**ACTIVITY:**
Each record must be written out again exactly. Skip any picture it contains.

**DATA FOR PROCESSING:**
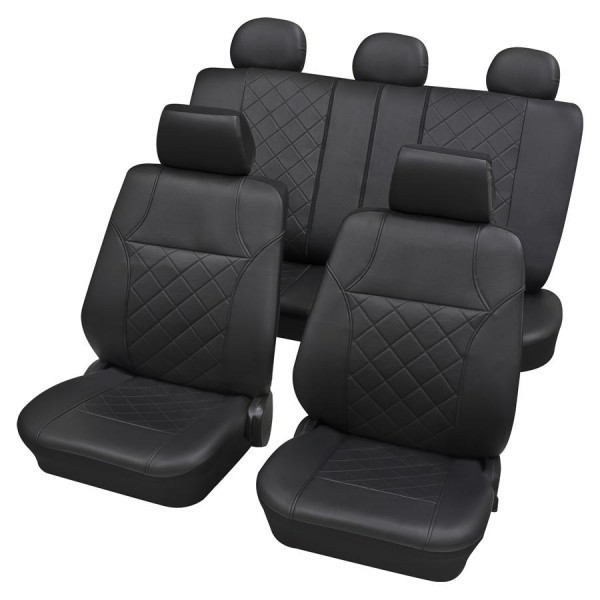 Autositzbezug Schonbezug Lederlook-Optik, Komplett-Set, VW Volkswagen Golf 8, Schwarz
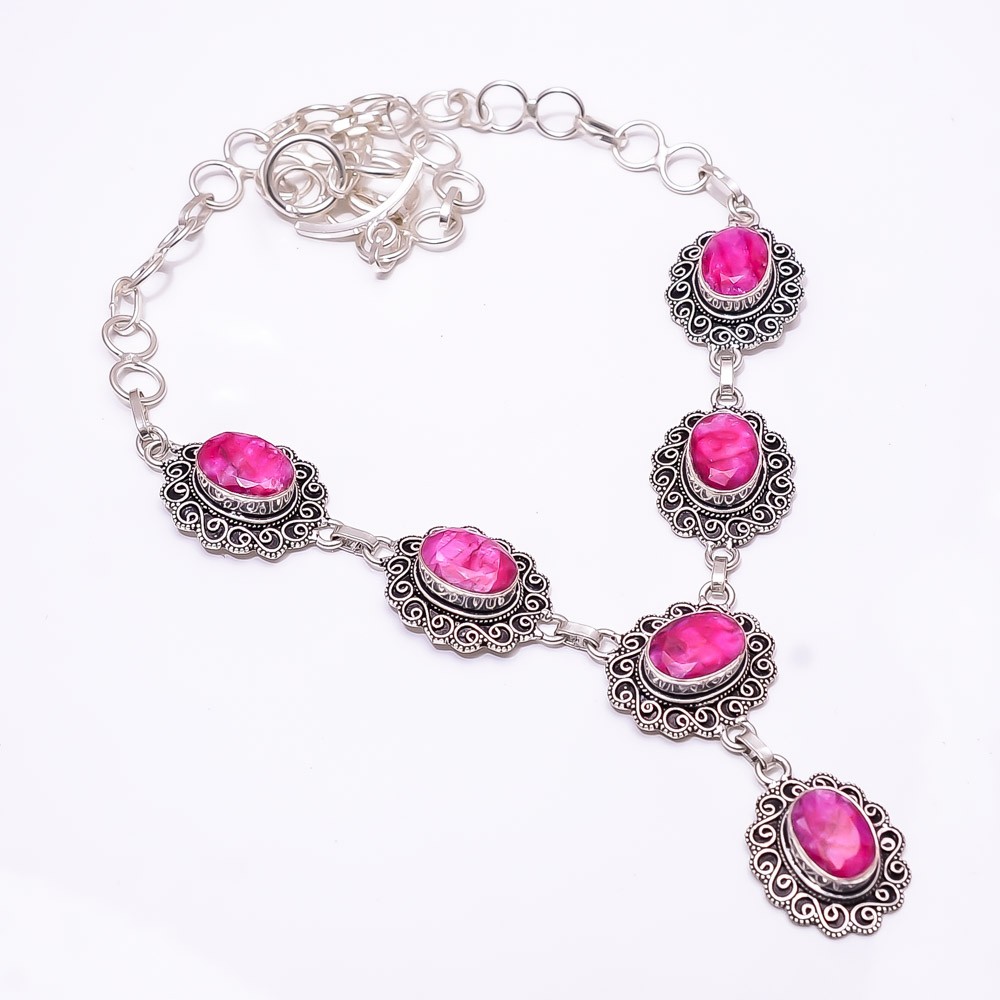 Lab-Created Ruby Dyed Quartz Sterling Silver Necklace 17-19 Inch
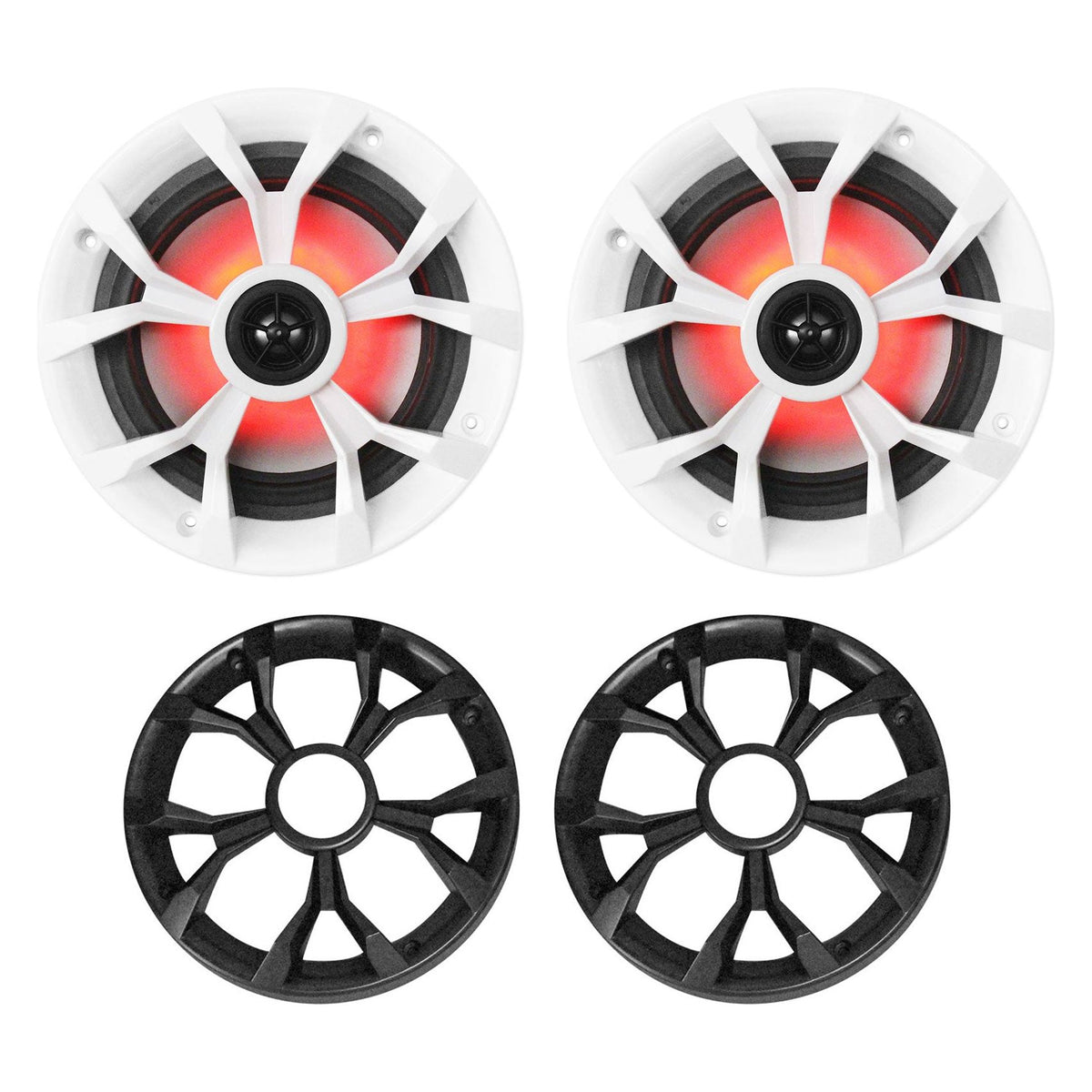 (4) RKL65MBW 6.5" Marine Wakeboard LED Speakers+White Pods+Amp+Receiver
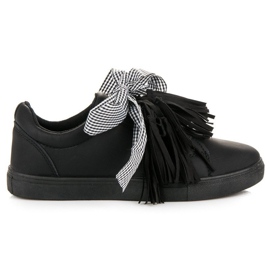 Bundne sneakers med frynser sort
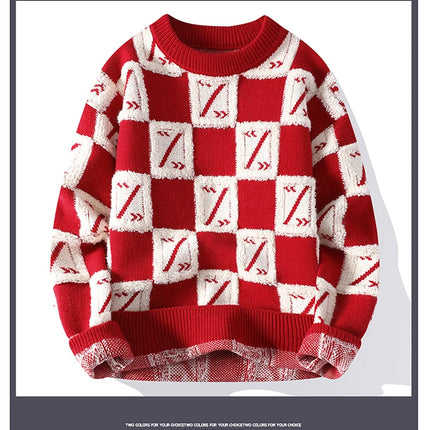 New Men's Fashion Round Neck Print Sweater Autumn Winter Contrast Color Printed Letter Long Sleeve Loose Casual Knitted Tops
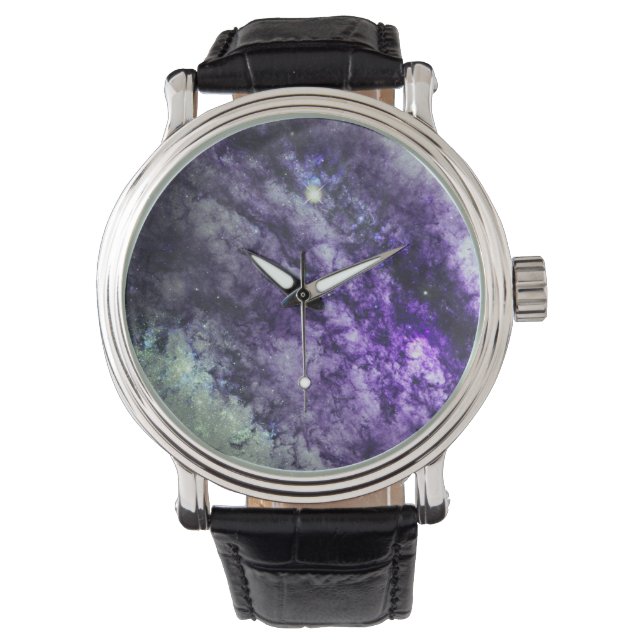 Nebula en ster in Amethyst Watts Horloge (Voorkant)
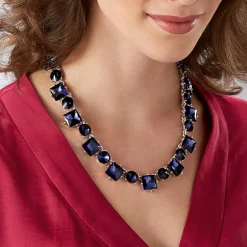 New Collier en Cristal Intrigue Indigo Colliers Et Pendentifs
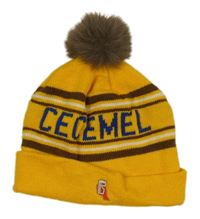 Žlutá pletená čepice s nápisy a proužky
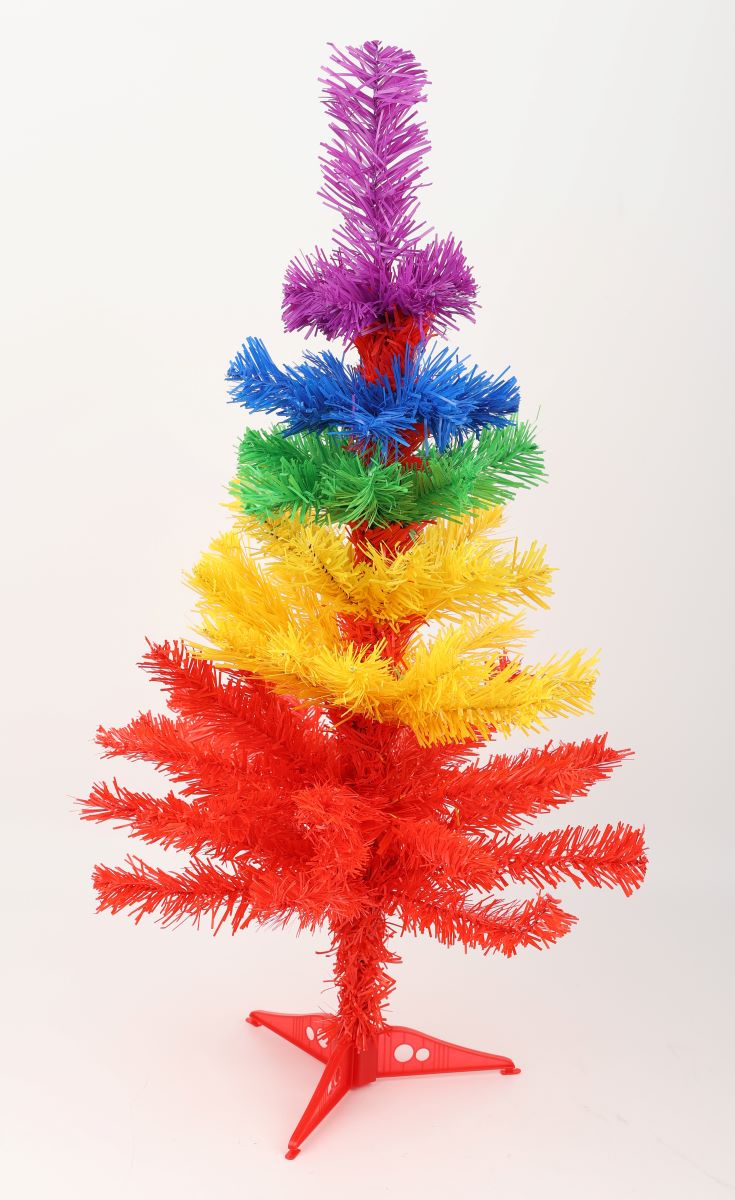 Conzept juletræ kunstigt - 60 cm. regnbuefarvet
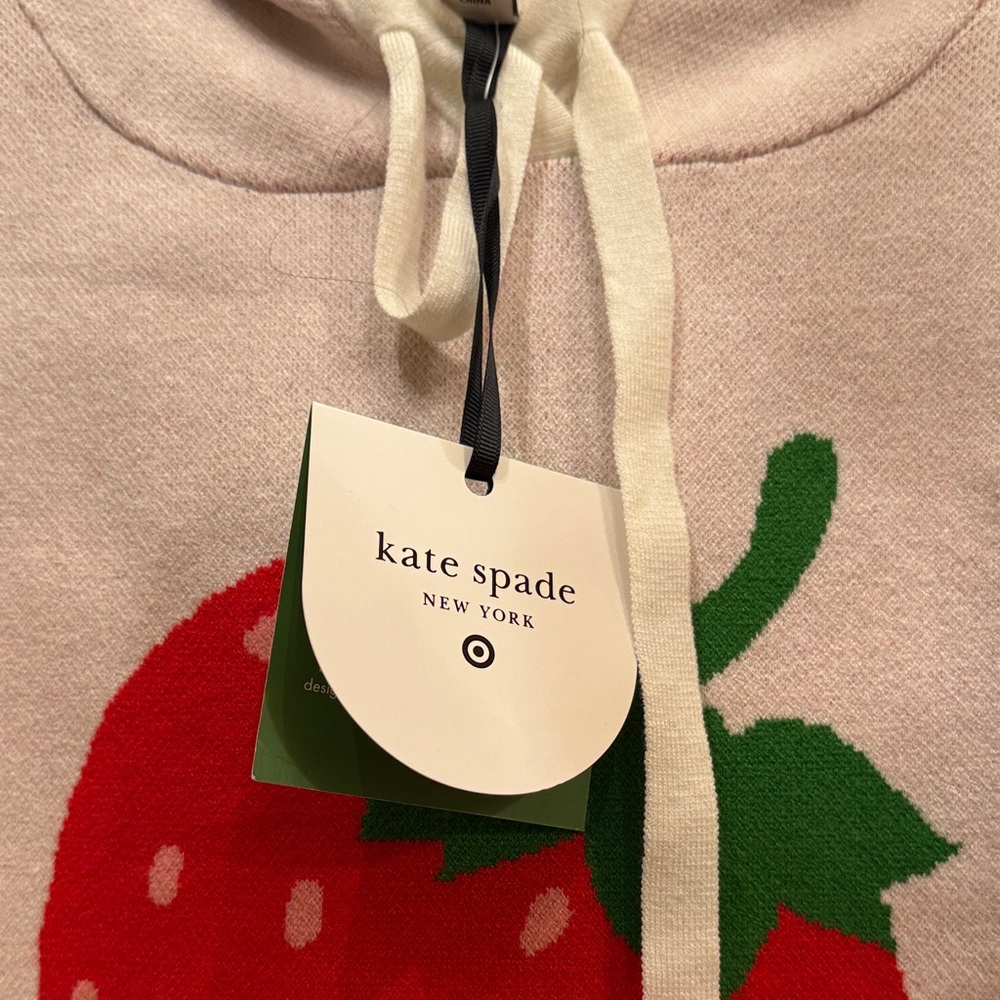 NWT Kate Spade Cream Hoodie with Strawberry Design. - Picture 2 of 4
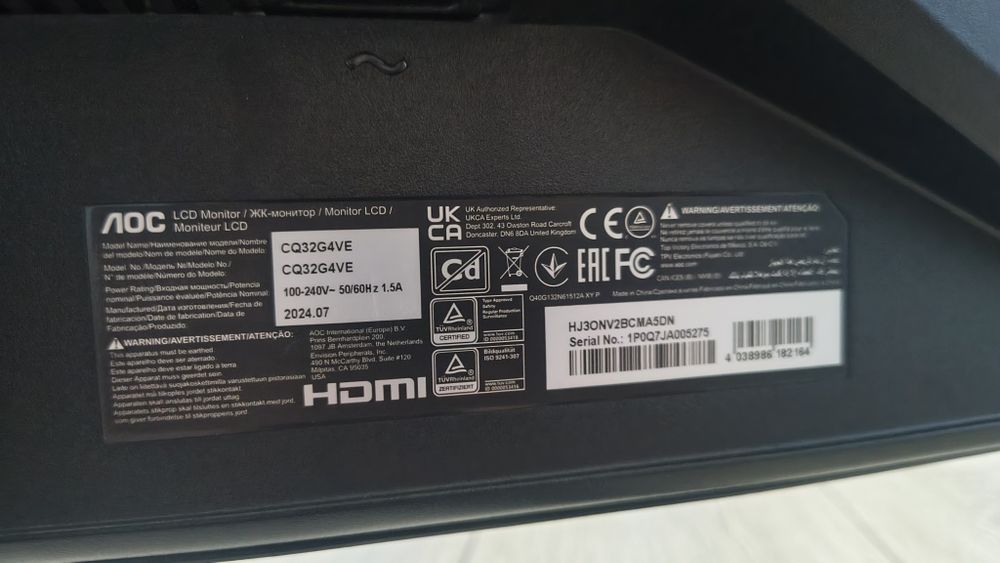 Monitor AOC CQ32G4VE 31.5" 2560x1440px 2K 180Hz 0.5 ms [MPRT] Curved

**RESPONSE BELOW:**
 Autositzbezug Schonbezug Lederlook-Optik, Komplett-Set, VW Volkswagen Golf 8, Schwarz
 Lab-Created Ruby Dyed Quartz Sterling Silver Necklace 17-19 Inch
 (4) RKL65MBW 6.5" Marine Wakeboard LED Speakers+White Pods+Amp+Receiver
 Bundne sneakers med frynser sort
 New Men's Fashion Round Neck Print Sweater Autumn Winter Contrast Color Printed Letter Long Sleeve Loose Casual Knitted Tops
 Nebula en ster in Amethyst Watts Horloge (Voorkant)
 New Collier en Cristal Intrigue Indigo Colliers Et Pendentifs
 Žlutá pletená čepice s nápisy a proužky
 Conzept juletræ kunstigt - 60 cm. regnbuefarvet
 NWT Kate Spade Cream Hoodie with Strawberry Design. - Picture 2 of 4
 Monitor AOC CQ32G4VE 31.5" 2560x1440px 2K 180Hz 0.5 ms [MPRT] Curved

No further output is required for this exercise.